■ **Required work**: The required output is the exact run of lines in the listing below from the line holding "Schwertfarn 'Green Lady' M" through the line holding "Dimetry Cornish Rex male blue - live animals", with no pictures.

■ **Records provided**:
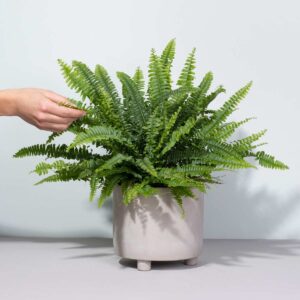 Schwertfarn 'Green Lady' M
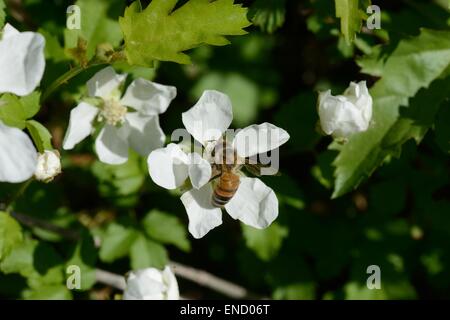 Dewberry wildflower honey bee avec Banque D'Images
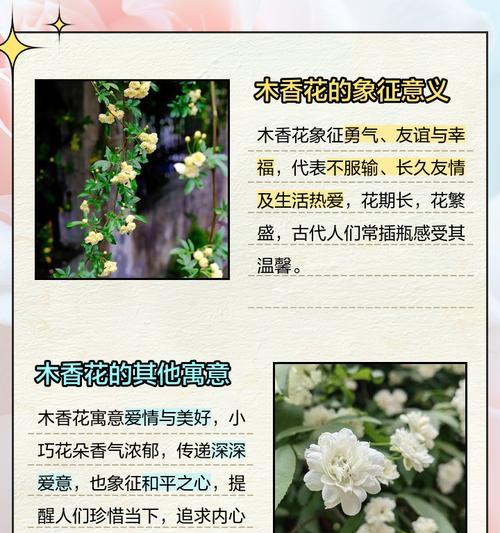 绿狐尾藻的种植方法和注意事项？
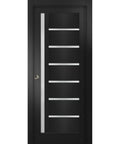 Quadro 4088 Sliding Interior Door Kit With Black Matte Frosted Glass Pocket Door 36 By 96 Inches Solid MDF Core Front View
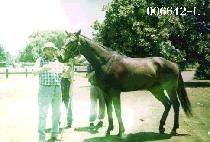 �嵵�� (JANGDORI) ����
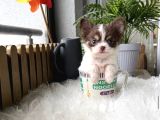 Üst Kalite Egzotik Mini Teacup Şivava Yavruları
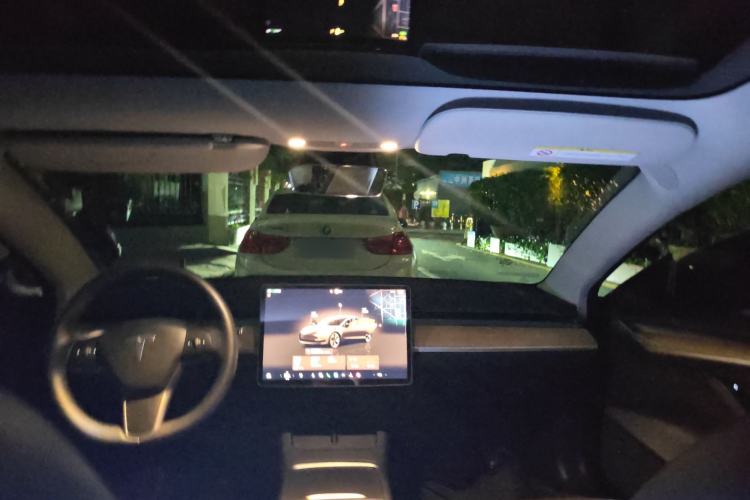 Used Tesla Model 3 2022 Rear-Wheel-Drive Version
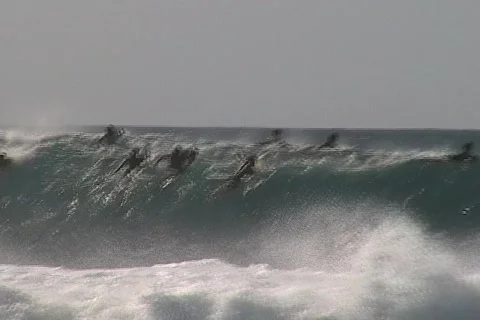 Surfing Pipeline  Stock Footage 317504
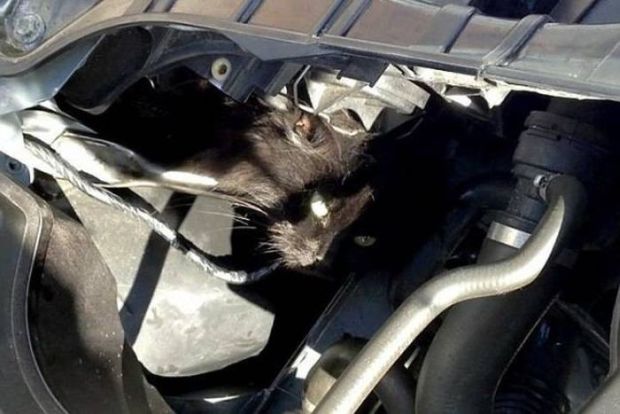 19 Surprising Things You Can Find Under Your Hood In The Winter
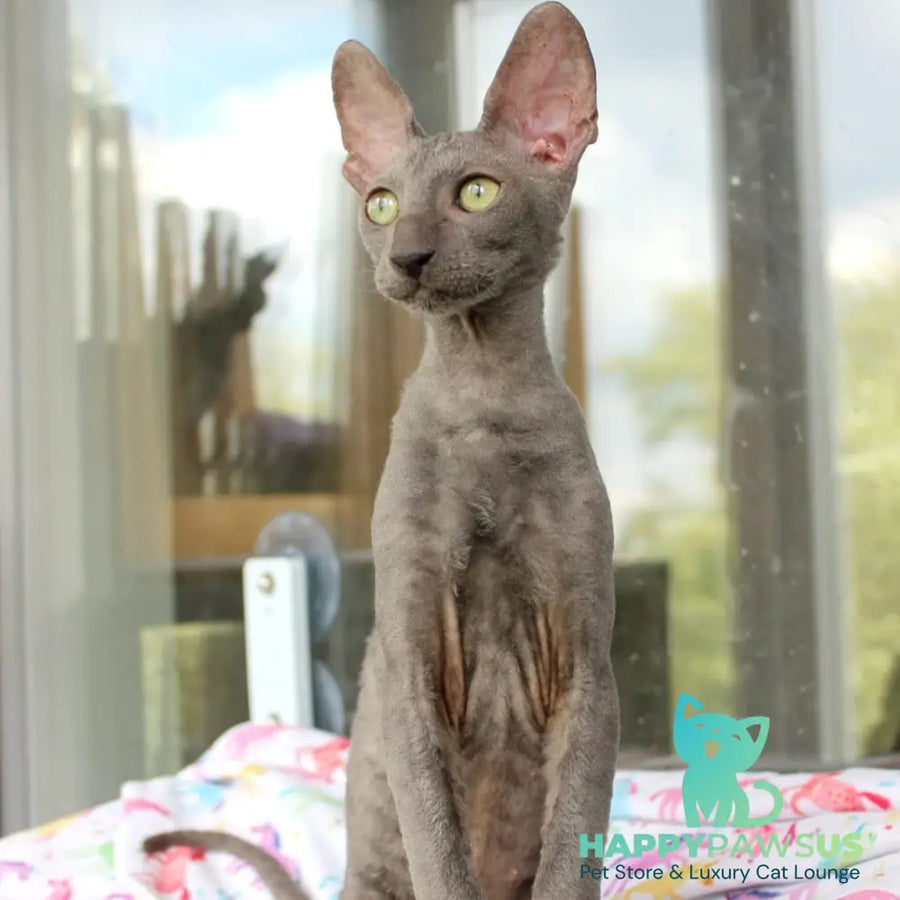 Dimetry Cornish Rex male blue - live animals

...

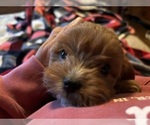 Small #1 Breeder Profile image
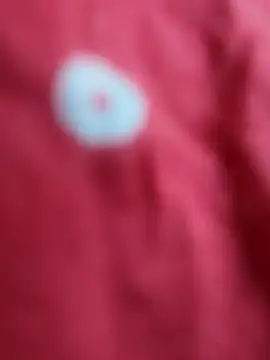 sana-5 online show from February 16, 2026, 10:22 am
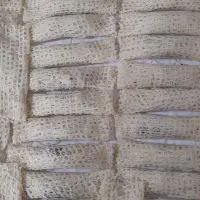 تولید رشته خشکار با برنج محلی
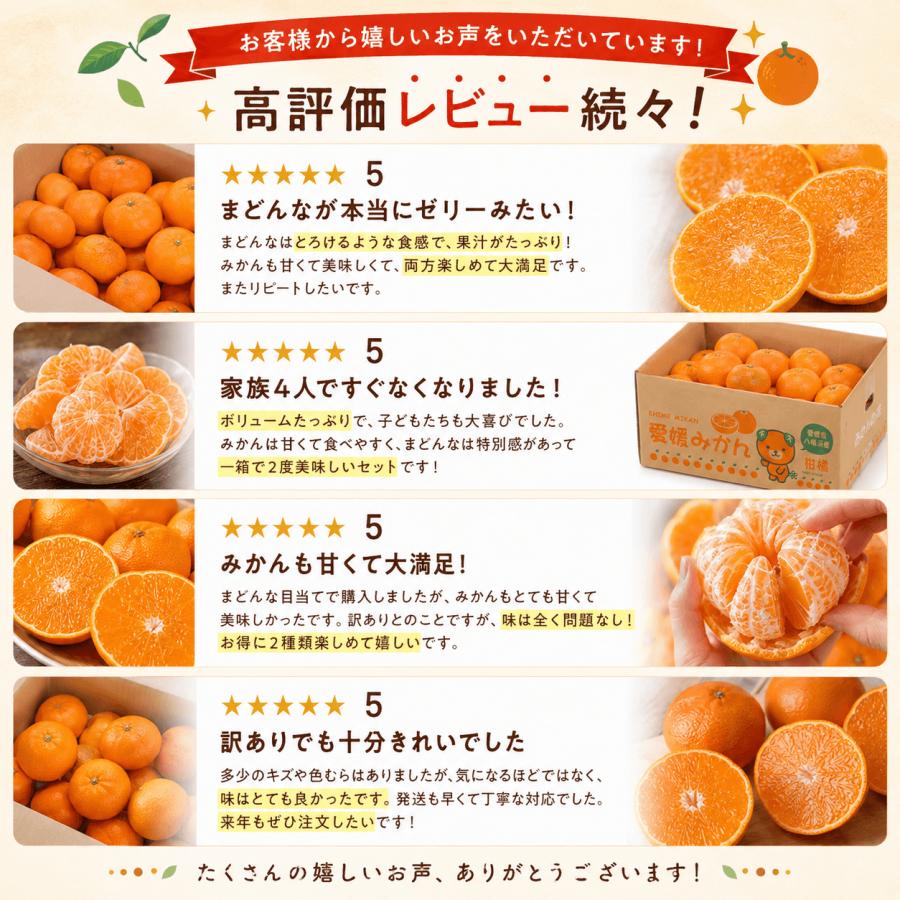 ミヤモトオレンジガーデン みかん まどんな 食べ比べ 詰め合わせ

---

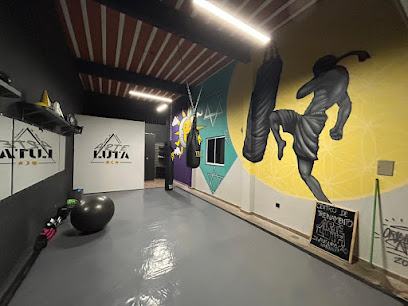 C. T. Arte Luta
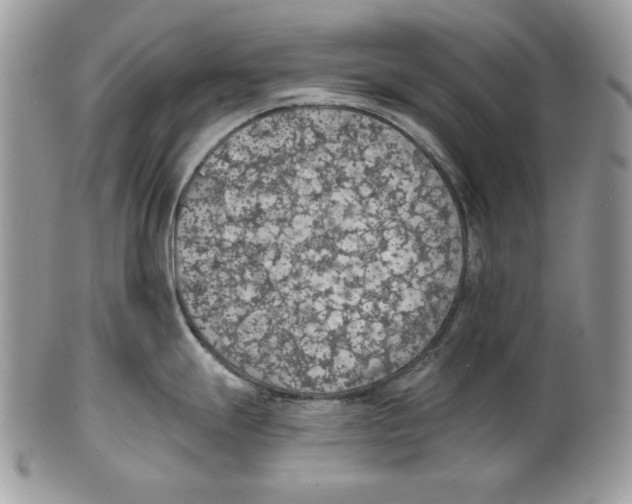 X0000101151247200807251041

■ **Response to this exercise**:
 Schwertfarn 'Green Lady' M
 Dewberry wildflower honey bee avec Banque D'Images
 绿狐尾藻的种植方法和注意事项？
 Quadro 4088 Sliding Interior Door Kit With Black Matte Frosted Glass Pocket Door 36 By 96 Inches Solid MDF Core Front View
 �嵵�� (JANGDORI) ����
 Üst Kalite Egzotik Mini Teacup Şivava Yavruları
 Used Tesla Model 3 2022 Rear-Wheel-Drive Version
 Surfing Pipeline  Stock Footage 317504
 19 Surprising Things You Can Find Under Your Hood In The Winter
 Dimetry Cornish Rex male blue - live animals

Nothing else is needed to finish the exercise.